UMS: We’re excited to be immersed! We also want to know about your work. What projects are you working on now? Do you have any updates for us since we last chatted last season?
Robert: I am still working very closely with a number of scientists at the NASA Goddard Spaceflight Center. Just recently, we published a case study titled “The Bird’s Ear View of Space Physics.” “The bird ear’s view” is a notion that we’ve used to describe what listening to data can provide. For example, when you listen to a data stream that’s been collected via satellite, you can hear minute fluctuations in something like the solar magnetic field. When you convert that to sound, given the rate of sound file playback, 44,100 data samples per second, we can hear the evolution of this data set across multiple days of real-time recording in just several second of listening, which is rather incredible.
In this case study, we worked closely with a single research scientist.
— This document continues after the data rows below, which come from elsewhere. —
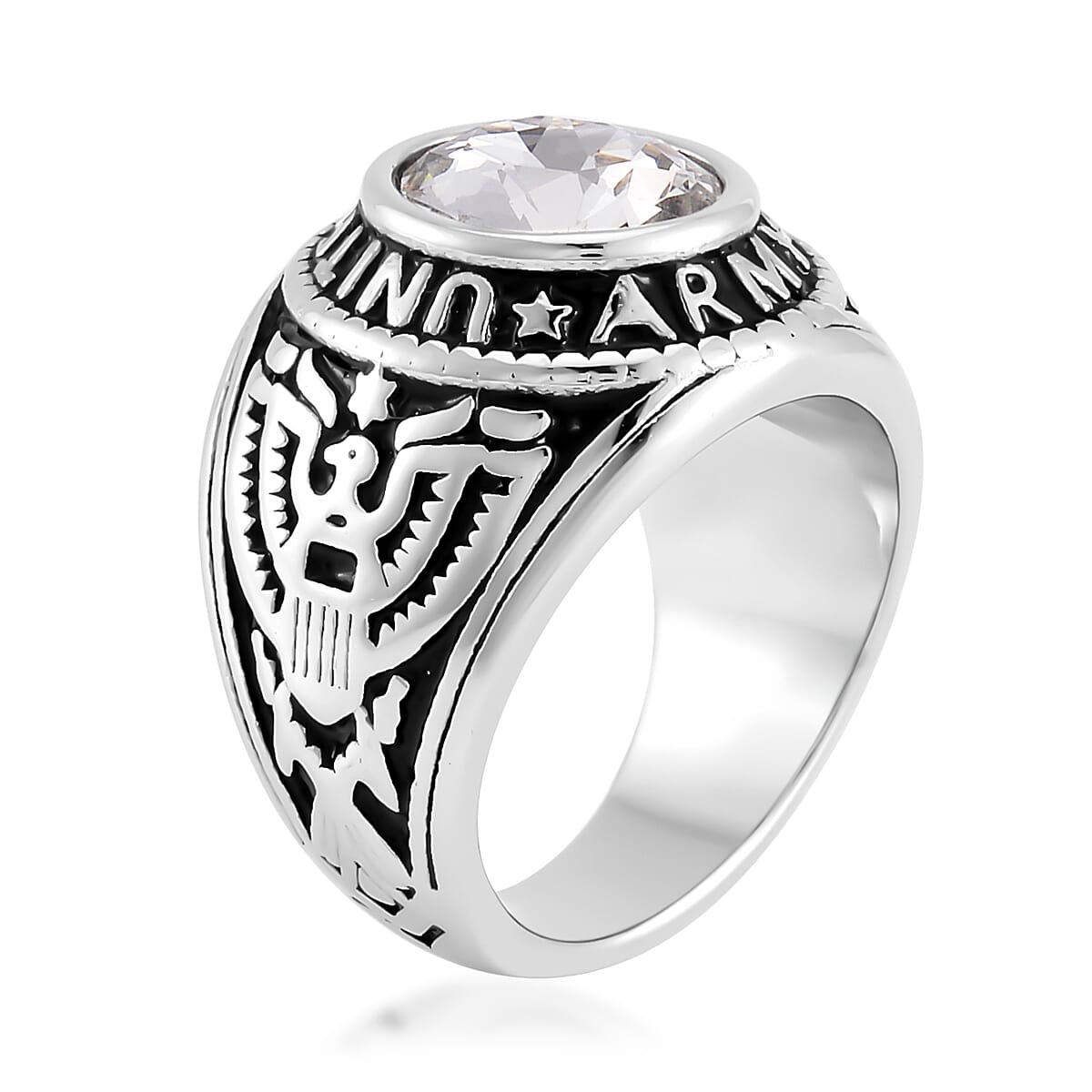 White Glass Men's Ring in Stainless Steel (Size 11.0) image number 3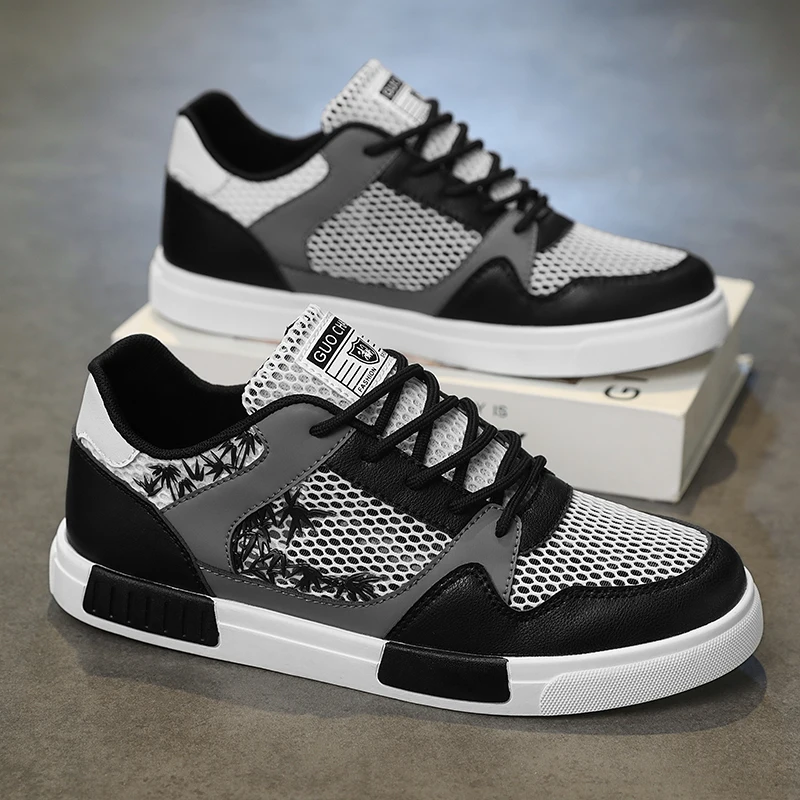 

Мужские легкие дышащие кроссовки из сетки больших размеров, повседневная обувь для прогулок, модные скейтерские кеды для ежедневной носки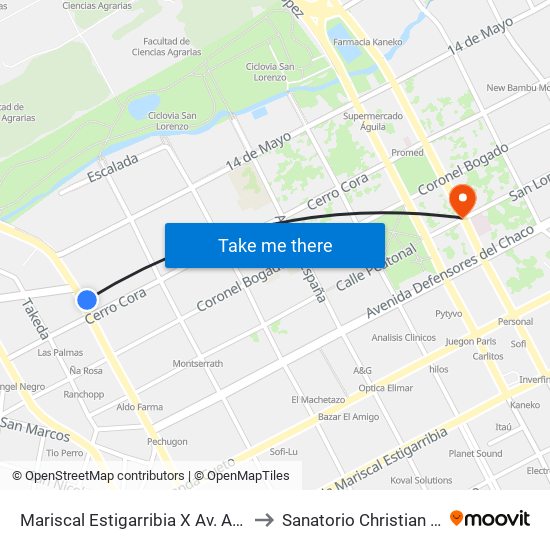 Mariscal Estigarribia X Av. Avelino Martínez to Sanatorio Christian (Cafeteria) map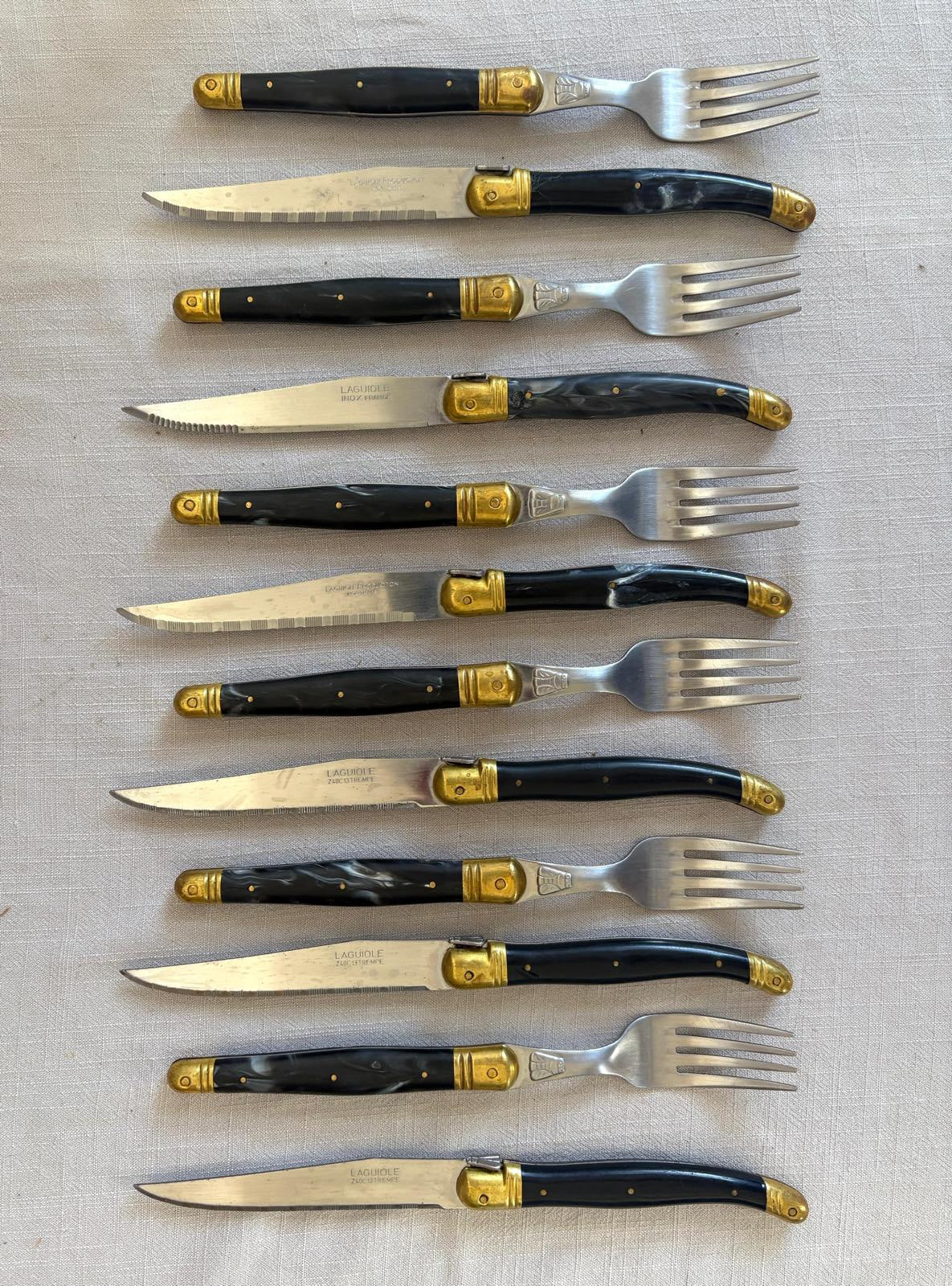 Vintage Laguiole French Steak Knife & Fork Set of 6 - Collector & Curator
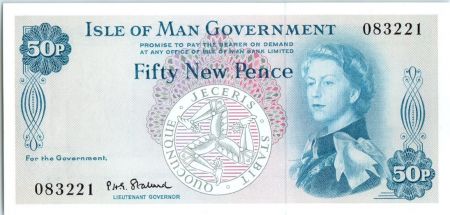 Ile de man 50 New Pence Elisabeth II - Drakar - 1969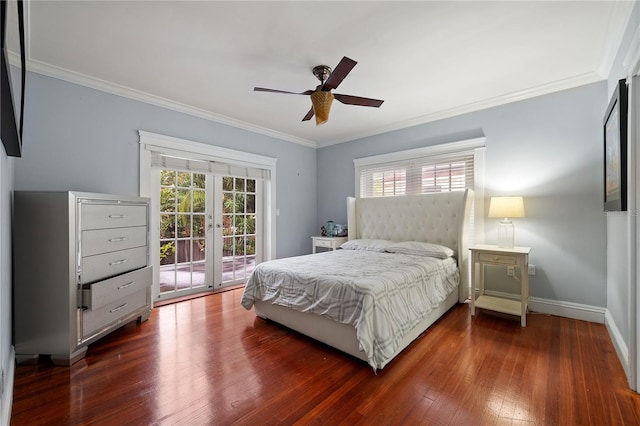bedroom with dark hardwood / wood-style floors, access to exterior, ceiling fan, crown molding, and french doors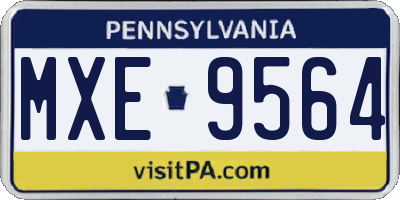 PA license plate MXE9564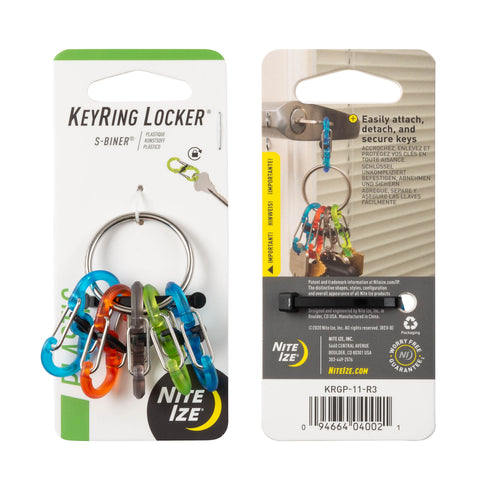 Nite Ize KeyRing Locker with five plastic S-Biner MicroLocks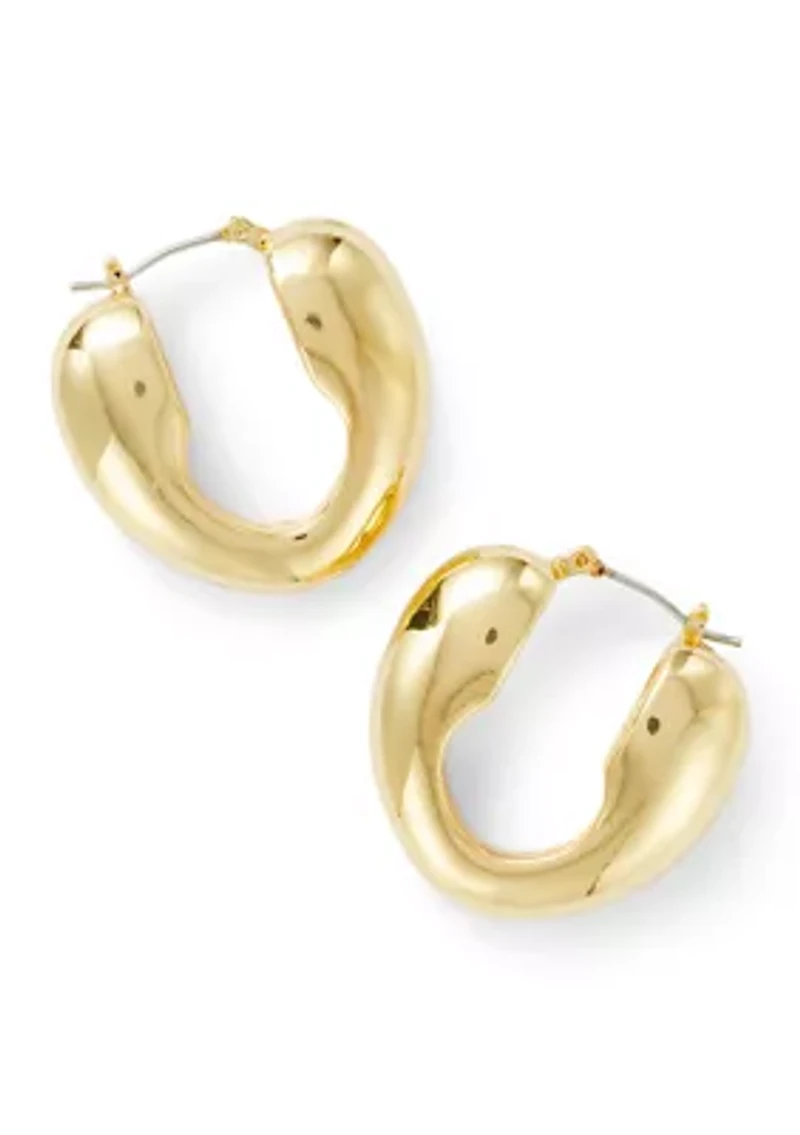 Chunky Gold Tone Hoop Earrings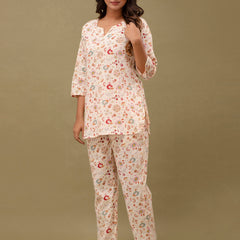 White Printed Cotton Night Suit with V-Neck Kurti & Ankle-Length Pants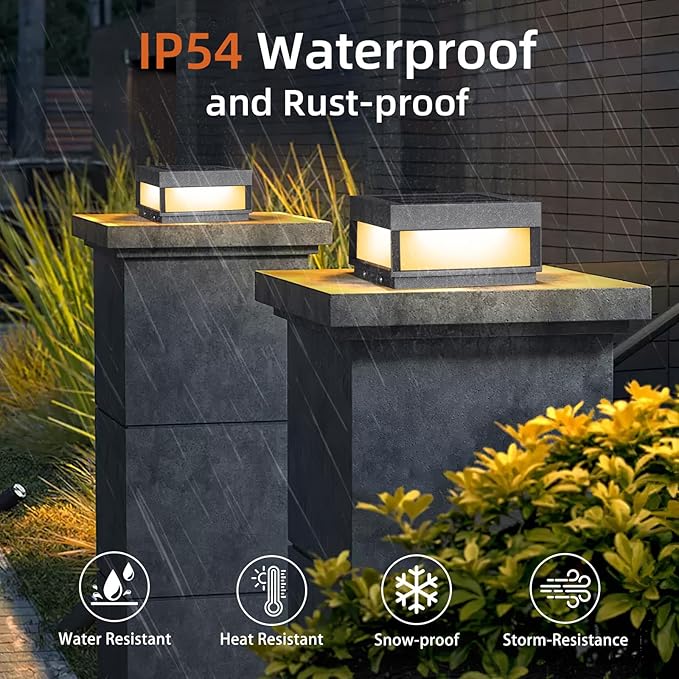 Solar Post Light 7.87 Outdoor Modern Fence Deck Cap Lights for Small Pillars Column Waterproof Lamp 3000K Luxury LED Lighting for Patio Gate Driveway Garden Decoration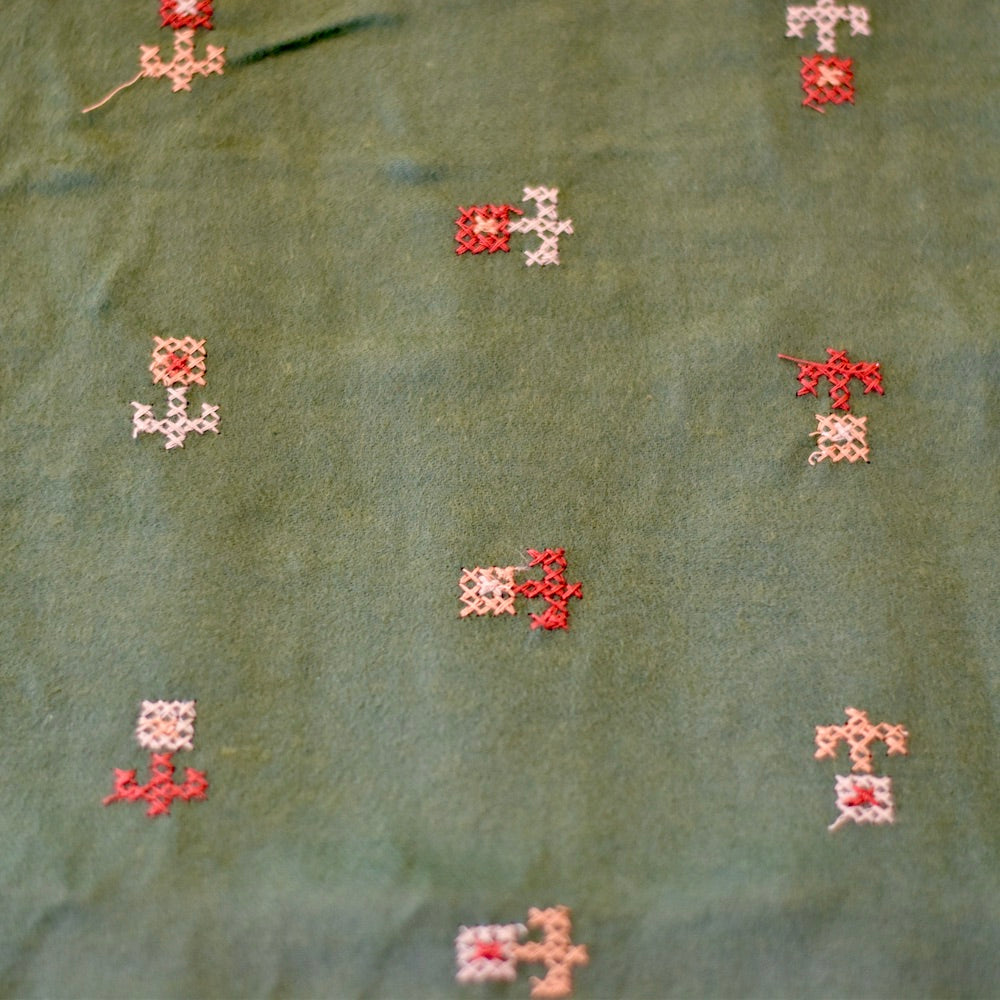 Katoen flanel | Embroidery Green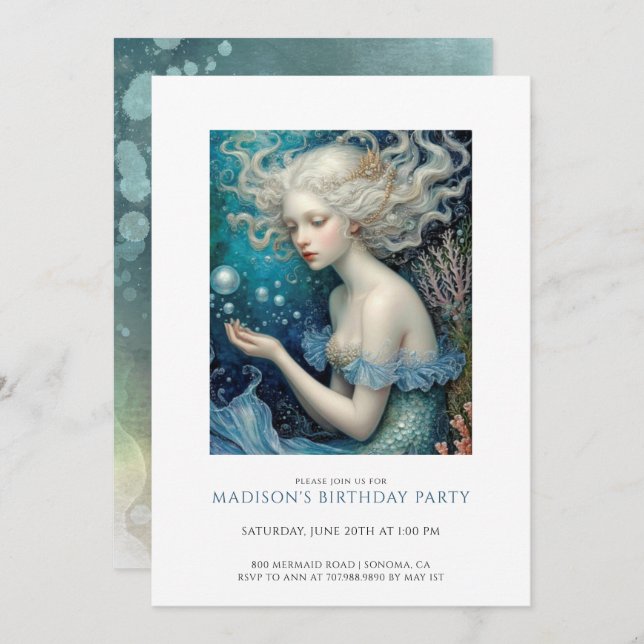 Magical Mermaid Enchanted Girl's Birthday Invitation (Front/Back)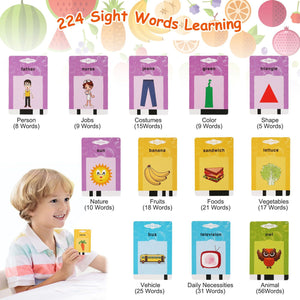 Eggracks by Global Phoenix - 224 Words Kid Flash Talking Cards 112 Card Electronic Cognitive Audio Toddler Reading Machine Animal Shape Color Repeated Learning Cards English For Child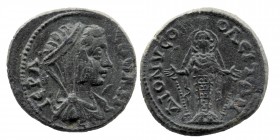 PHRYGIA. Dionysopolis. Pseudo-autonomous. Time of the Severans. (193-217). Ae.
Obv: IЄPA BOVΛH.
Veiled and draped bust of Boule right.
Rev: ΔΙΟΝVCΟΠΟΛ...
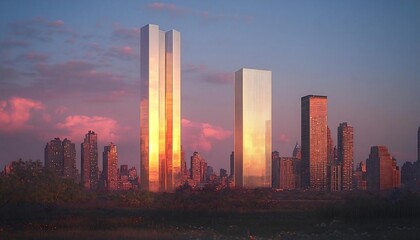 Fototapeta premium Modern City Skyline at Sunset, Tall Buildings Reflecting Golden Light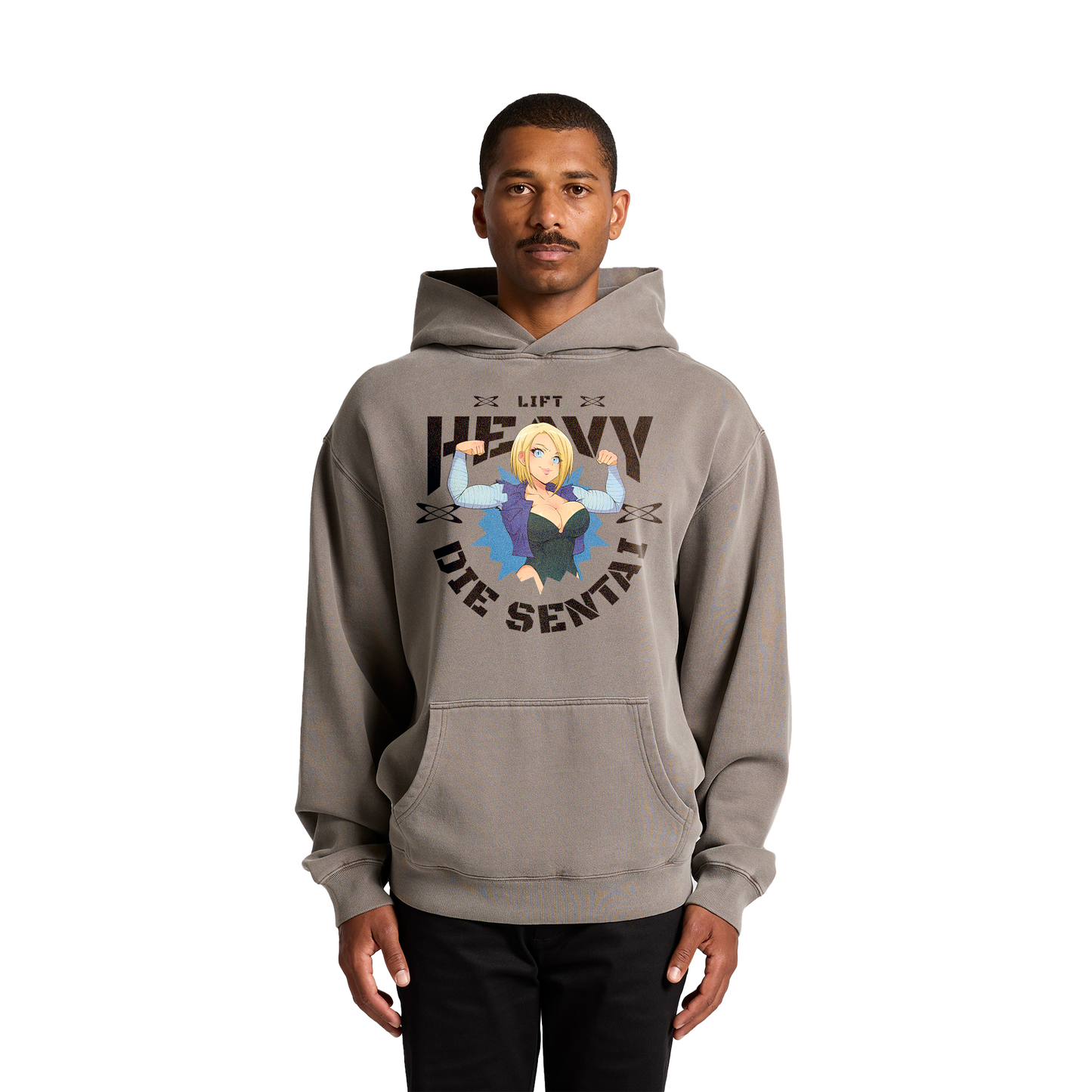 LIFT HEAVY ANDROID FADED RELAXED HOODIE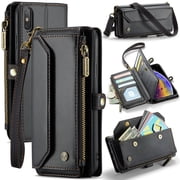 Crossbody for iPhone XS Max Case Wallet【RFID Blocking】with 10-Card Holder Zipper Bills Slot, Soft PU Leather Magnetic Shoulder Wrist Strap for iPhone XS Max Wallet Case Women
First we introduced this scientist to these techniques of listening to data, and then we tracked how these techniques were integrated into his workflow, the types of observations that were made through listening, and how those observations led to additional formal investigations through visual analysis and through statistical analysis. And so this paper is great in that it covers the complete process for someone who is first introduced to this technique and then ultimately uses it to extract new knowledge from data sets.
Also, there are now many terms in the space research sciences, particularly helio-physics, terms such as “chorus,” “hiss,” “tweets,” “lion roars,” terms for physical phenomena, that have roots within auditory observations. For example, “whistlers” which are essentially results of lightning strikes that can be heard in very low frequency on radio waves, can be heard as this descending whistling sound, so the term “whistler” is now the default nomenclature for this phenomenon. It originally came about through just listening to the data, it’s an acoustic description. And then there are “lion roars.” Again, researchers were listening to a data set and they heard kind of a low “Grr” sound, like a low roar of a lion an the Serengeti [laughs], and that term has now stuck. It’s been really fascinating to work with research scientists, to play them some of their data sets and actually see the epiphany moment as their gears turn, and they say, “Aha!, that’s why we call it a ‘lion roar.’” [Laughs]
UMS: This all must be incredibly rewarding for you, to see your work receive this kind of support?
Robert: It’s been unbelievably rewarding to work alongside these research scientists and some of the brightest minds in the world and to be able to help provide a fresh perspective to these data sets, and also to provide them with the knowledge and infrastructure to apply these technique on their own. And that’s ultimately the goal, to enable the scientific community at large to adopt the practice of listening. It has been and continues to be an incredible experience.